Publicado em 22/01/2008 as 12:00am

Israel alivia bloqueio e Faixa de Gaza volta a ter luz

Israel autorizou nesta terça-feira, 22, o envio de combustível para a maior usina de energia da Faixa de Gaza, aliviando um pouco o bloqueio responsável por deixar a região às escuras e por gerar protestos na comunidade internacional.

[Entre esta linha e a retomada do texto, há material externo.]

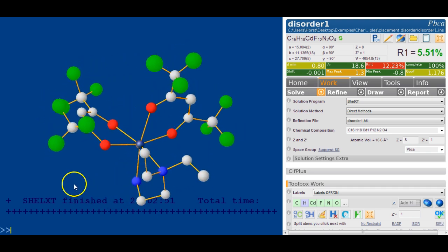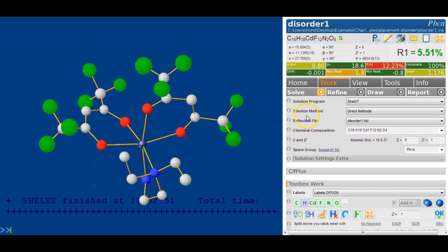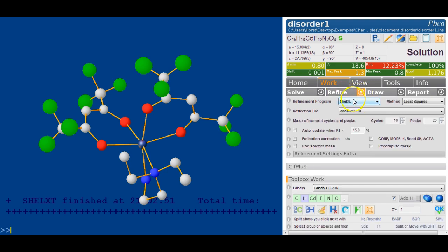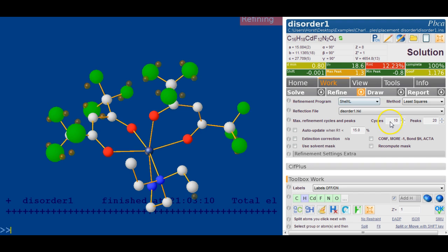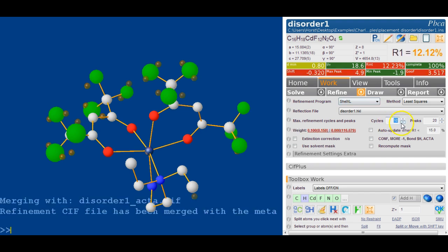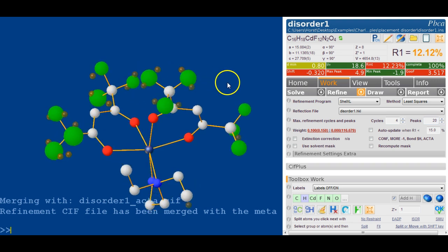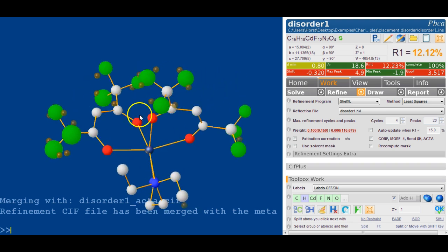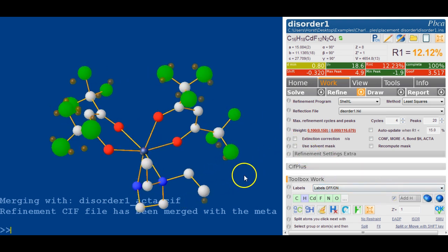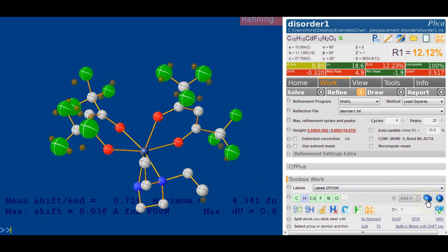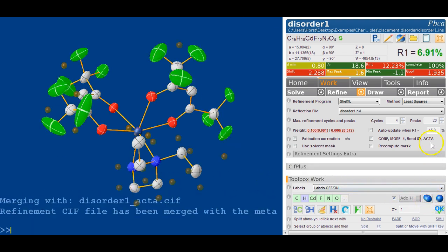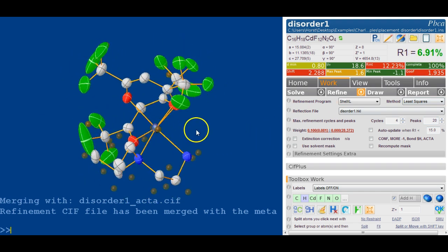So what we need to do is refine this structure. We've got Shell XL on - let's run about four cycles. All the spheres are about the same size; the fluorines are bigger because they are rotating, and this is the purpose of this tutorial. We click on the ellipsoid button to make them anisotropic. The R factor is now close to 7%. That looks good, and we can already see the hydrogens.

Israel autorizou nesta terça-feira, 22, o envio de combustível para a maior usina de energia da Faixa de Gaza, aliviando um pouco o bloqueio responsável por deixar a região às escuras e por gerar protestos na comunidade internacional. 

A secretária de Estado dos EUA, Condoleezza Rice, disse ter conversado a respeito do assunto com o governo de Israel, o qual argumentou ter fechado as fronteiras como retaliação ao lançamento de foguetes por militantes palestinos.

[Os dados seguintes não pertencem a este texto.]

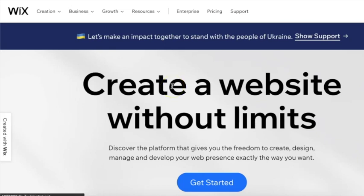Before we get started with this tutorial, I just want to mention that we, Owlish, are in the process of building out a native app for the Wix platform.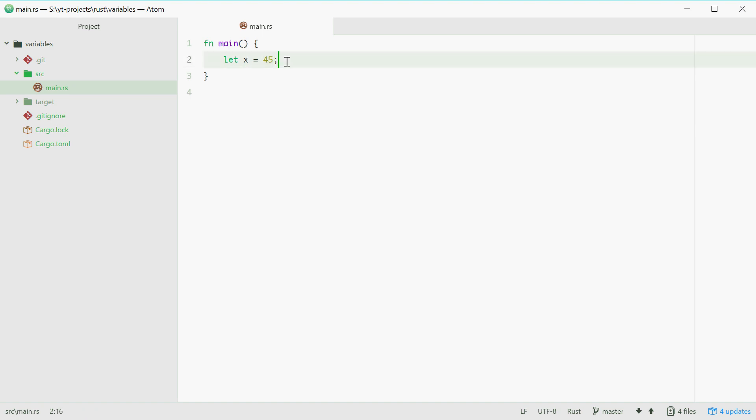So from this, we can see I've used the let keyword, which means I'm about to define a variable, and then I'll specify the name of my variable, being x in this case, and then the value of my variable.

"Ninguém deseja que os moradores inocentes da Faixa de Gaza sofram, de forma que conversamos com os israelenses sobre a importância de não permitir a instalação de uma crise humanitária naquela região", afirmou Rice a repórteres que a acompanham em uma viagem a Berlim.

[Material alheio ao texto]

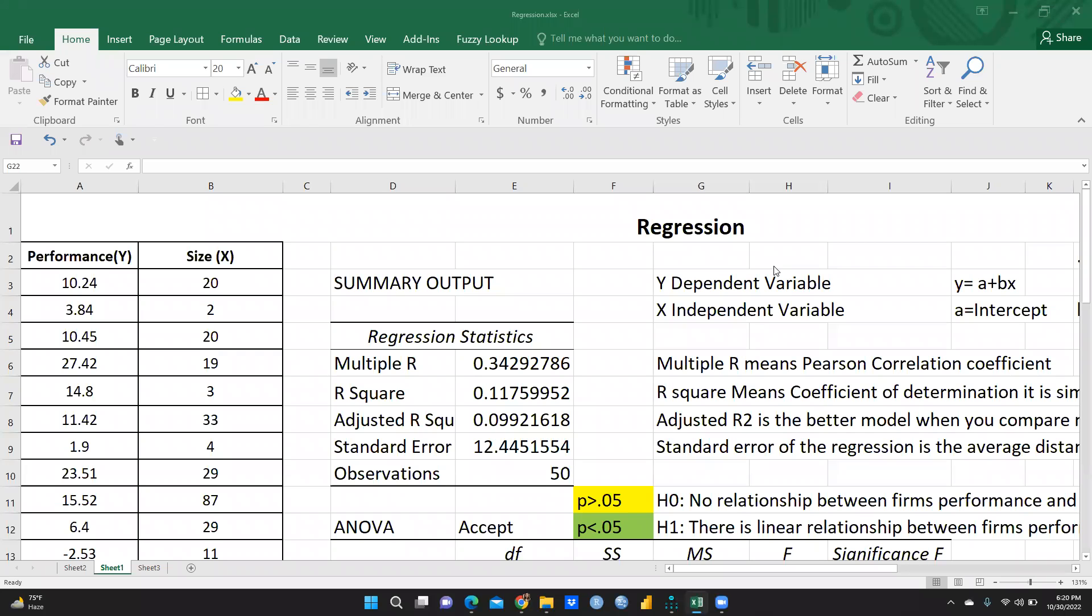Hi everyone, in this video we will learn how we are going to interpret these regression results. I have already explained in my previous video how we are going to perform regression using Excel, using data analysis toolpak.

Na Cisjordânia ocupada, o presidente palestino, Mahmoud Abbas, disse que continuaria a realizar as negociações de paz com Israel e que, ao mesmo tempo, "prosseguiria com os nossos esforços para ver esse cerco totalmente levantado". Abbas manifestou mais uma vez sua opinião de que o disparo de foguetes a partir da Faixa de Gaza representa uma atitude "inútil".

Israel concedeu à União Européia (UE) autorização para levar à região uma quantidade de combustível industrial suficiente para uma semana de funcionamento da usina de força, paralisada no domingo depois do fechamento das fronteiras imposto pelo governo israelense.

O diretor da usina, Derar Abu Sissi, disse que uma das duas turbinas voltou a funcionar com a chegada do combustível, retomando o fornecimento de eletricidade para algumas áreas da populosa cidade de Gaza.

Israel prometeu autorizar a entrada de 500 mil litros de óleo diesel para geradores de eletricidade, bem como gás de cozinha, alimentos e remédios. A região, no entanto, continuaria sem receber gasolina.

"Decidimos agora avaliar o que está mais em falta e permitir a importação com base nisso", afirmou Shlomo Dror, porta-voz do Ministério da Defesa de Israel.

A UE e agências internacionais de ajuda humanitária criticaram o fechamento das fronteiras, classificando-o como uma "punição coletiva" contra os 1,5 milhão de moradores da Faixa de Gaza, muitos dos quais dependem das doações vindas de fora para sobreviverem.

O governo israelense negou que a situação no território aproxime-se de uma crise e justificou o fechamento da fronteira argumentando se tratar de uma reação legítima aos ataques com foguete realizados pelo Hamas e por outros grupos militantes.

Foguetes


A decisão de Israel de permitir o envio de material de emergência para o território palestino surgiu depois de uma queda no número de disparos de foguete.

O Hamas recusa-se a abrir mão da luta armada contra o Estado judaico e opõe-se aos esforços de paz realizados por Abbas.

Na terça-feira, os palestinos lançaram ao menos um foguete da Faixa de Gaza para dentro do território israelense, sem provocar danos. Na sexta-feira e no sábado, segundo os militares de Israel, foram realizados 45 ataques daquele tipo.